As they watched, the horses eventually turned, and even from that distance the men could see that the animals were saddled. The shimmer of reflected metal flashed beneath the sun’s new light. The glimmer of carbines in saddle boots.
“Mary, our Mother of God!” Finerty exclaimed, lunging forward.
He was the first of the massed wave that hurried out of hiding from the brushy willow, making for the hillside.
“Careful!” Donegan bellowed, struggling to hurry along himself, afraid of what might be a trap.
On the slope of the far hill a pair of men suddenly rose from the tall grass, lumbering toward their animals and yanking their carbines out of saddle pockets.
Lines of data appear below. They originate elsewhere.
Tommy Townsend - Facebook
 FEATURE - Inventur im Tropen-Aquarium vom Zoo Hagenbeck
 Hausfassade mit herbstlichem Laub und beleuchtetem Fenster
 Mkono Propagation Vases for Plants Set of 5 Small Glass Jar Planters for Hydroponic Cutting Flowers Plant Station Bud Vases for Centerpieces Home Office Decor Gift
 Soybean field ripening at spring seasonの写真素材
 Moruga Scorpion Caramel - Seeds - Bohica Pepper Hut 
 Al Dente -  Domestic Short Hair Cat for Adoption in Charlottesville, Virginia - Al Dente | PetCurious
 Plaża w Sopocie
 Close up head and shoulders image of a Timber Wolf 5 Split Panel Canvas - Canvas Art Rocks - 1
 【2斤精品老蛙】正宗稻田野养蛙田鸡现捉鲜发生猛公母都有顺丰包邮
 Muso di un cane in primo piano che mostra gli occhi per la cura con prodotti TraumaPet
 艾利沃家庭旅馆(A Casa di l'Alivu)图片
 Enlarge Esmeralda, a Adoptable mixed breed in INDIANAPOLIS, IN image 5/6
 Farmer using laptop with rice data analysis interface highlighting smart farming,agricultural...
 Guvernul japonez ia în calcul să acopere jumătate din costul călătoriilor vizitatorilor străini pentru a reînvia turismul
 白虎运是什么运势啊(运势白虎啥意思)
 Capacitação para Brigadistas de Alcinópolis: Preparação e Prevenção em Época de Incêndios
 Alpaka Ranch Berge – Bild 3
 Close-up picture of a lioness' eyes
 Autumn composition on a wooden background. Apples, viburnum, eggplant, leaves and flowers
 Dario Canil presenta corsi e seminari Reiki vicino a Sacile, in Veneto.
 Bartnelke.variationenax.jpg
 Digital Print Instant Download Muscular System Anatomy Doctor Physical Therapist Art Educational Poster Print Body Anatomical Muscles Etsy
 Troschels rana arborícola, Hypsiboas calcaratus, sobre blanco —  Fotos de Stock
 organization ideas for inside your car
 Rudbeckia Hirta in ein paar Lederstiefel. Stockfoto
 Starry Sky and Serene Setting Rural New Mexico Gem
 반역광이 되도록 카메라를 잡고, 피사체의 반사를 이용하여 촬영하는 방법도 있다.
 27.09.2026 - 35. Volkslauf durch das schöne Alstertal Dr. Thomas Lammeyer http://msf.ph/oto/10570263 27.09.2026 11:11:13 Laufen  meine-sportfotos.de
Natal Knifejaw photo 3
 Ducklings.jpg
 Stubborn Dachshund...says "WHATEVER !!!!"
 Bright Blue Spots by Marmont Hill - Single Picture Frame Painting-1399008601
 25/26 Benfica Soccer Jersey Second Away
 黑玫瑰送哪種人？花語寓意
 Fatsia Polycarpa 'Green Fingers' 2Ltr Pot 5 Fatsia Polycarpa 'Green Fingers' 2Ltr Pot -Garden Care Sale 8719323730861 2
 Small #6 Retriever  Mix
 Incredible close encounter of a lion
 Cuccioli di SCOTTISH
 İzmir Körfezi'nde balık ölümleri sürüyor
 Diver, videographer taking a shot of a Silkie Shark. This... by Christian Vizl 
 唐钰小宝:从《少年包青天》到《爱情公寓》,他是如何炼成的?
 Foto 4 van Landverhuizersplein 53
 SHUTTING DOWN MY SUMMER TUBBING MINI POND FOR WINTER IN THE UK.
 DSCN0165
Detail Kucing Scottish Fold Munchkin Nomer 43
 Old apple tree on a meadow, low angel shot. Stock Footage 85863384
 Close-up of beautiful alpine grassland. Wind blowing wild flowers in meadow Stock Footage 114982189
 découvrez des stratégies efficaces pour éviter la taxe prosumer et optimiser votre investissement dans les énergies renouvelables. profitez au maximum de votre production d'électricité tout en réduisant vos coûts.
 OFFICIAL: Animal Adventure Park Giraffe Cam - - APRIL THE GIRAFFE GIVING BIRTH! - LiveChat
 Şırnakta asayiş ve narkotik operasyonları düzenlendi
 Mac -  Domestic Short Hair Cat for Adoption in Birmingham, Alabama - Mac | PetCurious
“Don’t fire!” hollered someone near the front.
Others pleaded weakly, “Please! Don’t shoot!”
“Stand and identify yourselves!”
“Lieu … Lieutenant Frederick … Frederick Sibley. U.S. S-second Cavalry.”
“Shit!” one of the two cried, the butt of his carbine sinking to the grass. “We thought you was dead, sir!”
“We were,” Finerty spoke for them all as he came forward, a dozen of the soldiers right behind him. “Believe me—we were surely good as dead.”
Sibley himself came forward. The two soldiers snapped salutes as the lieutenant asked, “Are you on picket duty?”
“No, sir,” one answered. “We got permission to go hunting this morning. Break up the monotony at camp.”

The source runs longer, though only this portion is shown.